X

Best practices, news, tips and tricks - learn about Oracle's R Technologies for Oracle Database and Big Data

Using SVD for Dimensionality Reduction

Mark Hornick
Senior Director, Data Science and Machine Learning

SVD, or Singular Value Decomposition, is one of several techniques that can be used to reduce the dimensionality, i.e., the number of columns, of a data set. Why would we want to reduce the number of dimensions? In predictive analytics, more columns normally means more time required to build models and score data. If some columns have no predictive value, this means wasted time, or worse, those columns contribute noise to the model and reduce model quality or predictive accuracy.
Dimensionality reduction can be achieved by simply dropping columns, for example, those that may show up as collinear with others or identified as not being particularly predictive of the target as determined by an attribute importance ranking technique. But it can also be achieved by deriving new columns based on linear combinations of the original columns. In both cases, the resulting transformed data set can be provided to machine learning algorithms to yield faster model build times, faster scoring times, and more accurate models.
While SVD can be used for dimensionality reduction, it is often used in digital signal processing for noise reduction, image compression, and other areas.
SVD is an algorithm that factors an m x n matrix, M, of real or complex values into three component matrices, where the factorization has the form USV*. U is an m x p matrix. S is a p x p diagonal matrix. V is an n x p matrix, with V* being the transpose of V, a p x n matrix, or the conjugate transpose if M contains complex values. The value p is called the rank. The diagonal entries of S are referred to as the singular values of M. The columns of U are typically called the left-singular vectors of M, and the columns of V are called the right-singular vectors of M.
Consider the following visual representation of these matrices:

One of the features of SVD is that given the decomposition of M into U, S, and V, one can reconstruct the original matrix M, or an approximation of it. The singular values in the diagonal matrix S can be used to understand the amount of variance explained by each of the singular vectors. In R, this can be achieved using the computation:

cumsum(S^2/sum(S^2))

When plotted, this provides a visual understanding of the variance captured by the model. The figure below indicates that the first singular vector accounts for 96.5% of the variance, the second with the first accounts for over 99.5%, and so on.

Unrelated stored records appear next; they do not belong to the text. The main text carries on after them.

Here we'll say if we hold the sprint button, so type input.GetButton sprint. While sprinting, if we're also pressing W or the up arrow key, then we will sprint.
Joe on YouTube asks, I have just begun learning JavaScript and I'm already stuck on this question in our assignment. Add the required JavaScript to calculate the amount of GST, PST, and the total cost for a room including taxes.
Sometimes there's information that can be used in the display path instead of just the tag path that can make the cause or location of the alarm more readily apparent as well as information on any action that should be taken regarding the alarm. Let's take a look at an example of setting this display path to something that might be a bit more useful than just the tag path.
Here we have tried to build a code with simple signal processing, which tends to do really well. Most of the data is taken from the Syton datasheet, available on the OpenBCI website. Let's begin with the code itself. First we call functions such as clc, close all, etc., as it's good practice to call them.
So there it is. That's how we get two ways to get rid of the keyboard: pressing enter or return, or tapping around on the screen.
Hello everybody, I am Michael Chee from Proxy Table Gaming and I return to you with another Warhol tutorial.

As such, we can use this information to limit the number of vectors to the amount of variance we wish to capture. Reducing the number of vectors can help eliminate noise in the original data set when that data set is reconstructed using the subcomponents of U, S, and V.
ORE’s parallel, distributed SVD
With Oracle R Enterprise’s parallel distributed implementation of R’s svd function, only the S and V components are returned. More specifically, the diagonal singular values are returned of S as the vector d. If we store the result of invoking svd on matrix dat in svd.mod, U can be derived from these using M as follows:

svd.mod <- svd(dat)
U <- dat %*% svd.mod$v %*% diag(1./svd.mod$d)

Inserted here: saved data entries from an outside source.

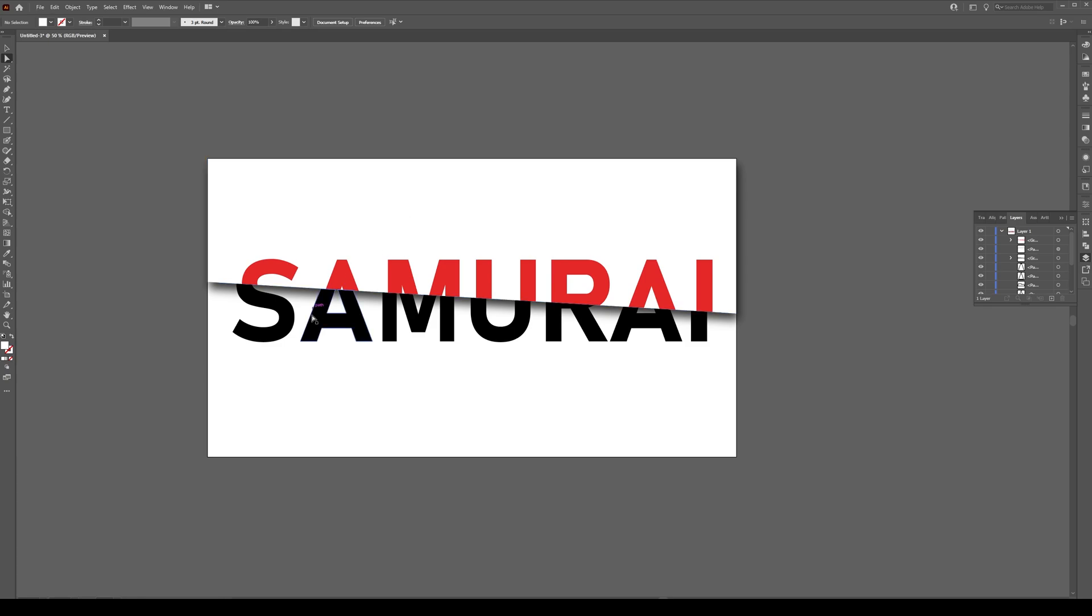Unselect our shape and there we go. We've now created our sliced text effect. That's all it is. So I hope you enjoyed the tutorial. Check out our other videos. Hit the like button. Subscribe. If you have any questions or comments write them in the comments below and of course as always have a great day.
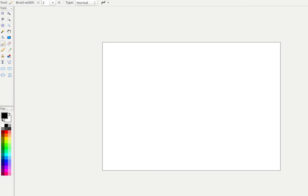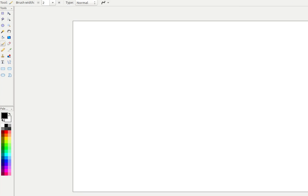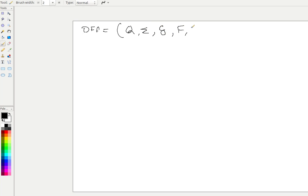Yesterday we discussed DFA. A DFA is a five-tuple system with five components: a set of possible states, the input alphabet (symbols on which the machine runs), transition functions for the states, final states, and the start state q0. These are the five components of any DFA machine.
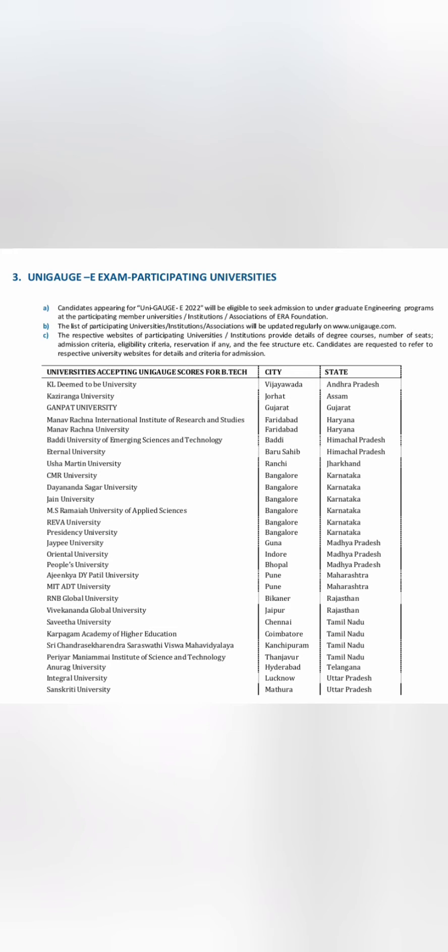JP University in Guna and Oriental People's University, both in Madhya Pradesh; Dr. DY Patil in Maharashtra; MIT-ADT Peace University also in Maharashtra; RNB Global University in Bikaner; and Sathyabama University in Chennai, Karpagam Academy of Higher Education in Coimbatore, and Periyar Maniammai in Tamil Nadu. Some more universities include Anurag University in Hyderabad, Integral University in Lucknow, Uttar Pradesh, and Sanskriti University in Mathura, Uttar Pradesh. These are basically around 20-plus universities which accept UNIGAGE scores, and you have to apply individually to these universities once you have the scorecard available.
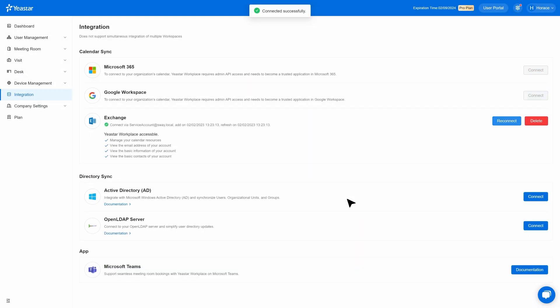This interface means Yeastar Workplace is successfully connected to Microsoft Exchange. We can manage the connection like reconnect or disconnect here as well.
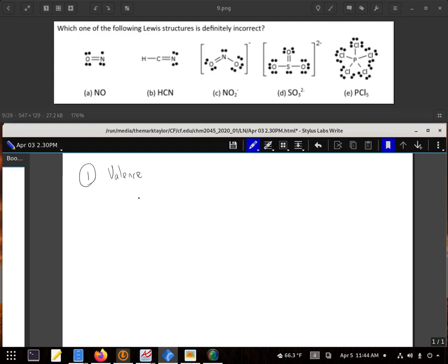So now we're going on to arranging them in space and distributing the remaining electrons. And then lastly, checking out whether or not the formal charge is fine. And the formal charge is where these actually fall apart.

So, how do we achieve dimensionality reduction using SVD? We can use the first k columns of V and S and achieve U’ with fewer columns.

U.reduced <-dat %*% svd.mod$v[,1:k,drop=FALSE] %*% diag((svd.mod$d)[1:k,drop=FALSE])

This reduced U can now be used as a proxy for matrix dat with fewer columns.
The function dimReduce introduced below accepts a matrix x, the number of columns desired k, and a request for any supplemental columns to return with the transformed matrix.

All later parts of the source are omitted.